それっぽいことをやってるだけなら舞台でやってもよいのでは?実際舞台演劇っぽい。
しかし、低い見積もりを出すのは東京オリンピックでも見た要素。今の日本も風刺するドラマだったとは。
ジャンルとしては歴史上実在の人物も登場するファンタジーデタラメ昭和史ではあるのだが、平山造船中将(田中泯)の「大和の役割は日本の依り代」には、おおぉ…と絶句。しかし、そこまで見えていた人はあの時代にはいなかっただろうと思う。
ええ、そういう映画だったの?!と驚きを感じた。結果、見てよかったと思った。昔の映画人では作れなかった戦争映画だと思う。

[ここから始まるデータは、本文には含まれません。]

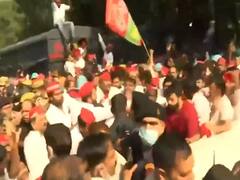 Lucknow: सपा कार्यकर्ताओं ने लगाए 'मुख्यमंत्री इस्तीफा दो' के नारे, Akhilesh ने कही ये बात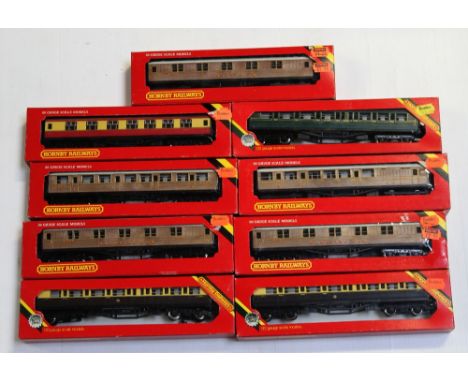 A collection of Hornby Railways OO gauge model railway carriages to include 431 S.R. Coach Composite, two R429 GWR Coach 57 C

音楽のセンスがよい。昔なら歌謡曲で抒情的に盛り上げてむしろ鼻白んでただろうと思う。

菅田将暉のがんばりと演技力は最大限に褒めるべき。山本五十六が戦艦に乗り込んでくるときの、軍人になりきって敬礼する菅田の凛々しい軍服姿がすばらしかった。菅田でこの映画はもっていた。菅田は日本映画界の宝。

浜辺美波は三つ編みおさげ髪の財閥令嬢。出演シーンは少ない。体型がリアルに戦前の良家のお嬢様だった。
菅田将暉と柄本佑コンビは鶴瓶社長に部品やら人件費やらの価格について教えを請うのだがけんもほろろ。この時代は軍人は民間人から舐められまくってたのか。

この映画は日本各地でロケをしているようだ。行ったことのある水戸の芦山浄水場と静岡県島田市の北河製品所も出て来た。ほんの短いシーンでしか出てこない。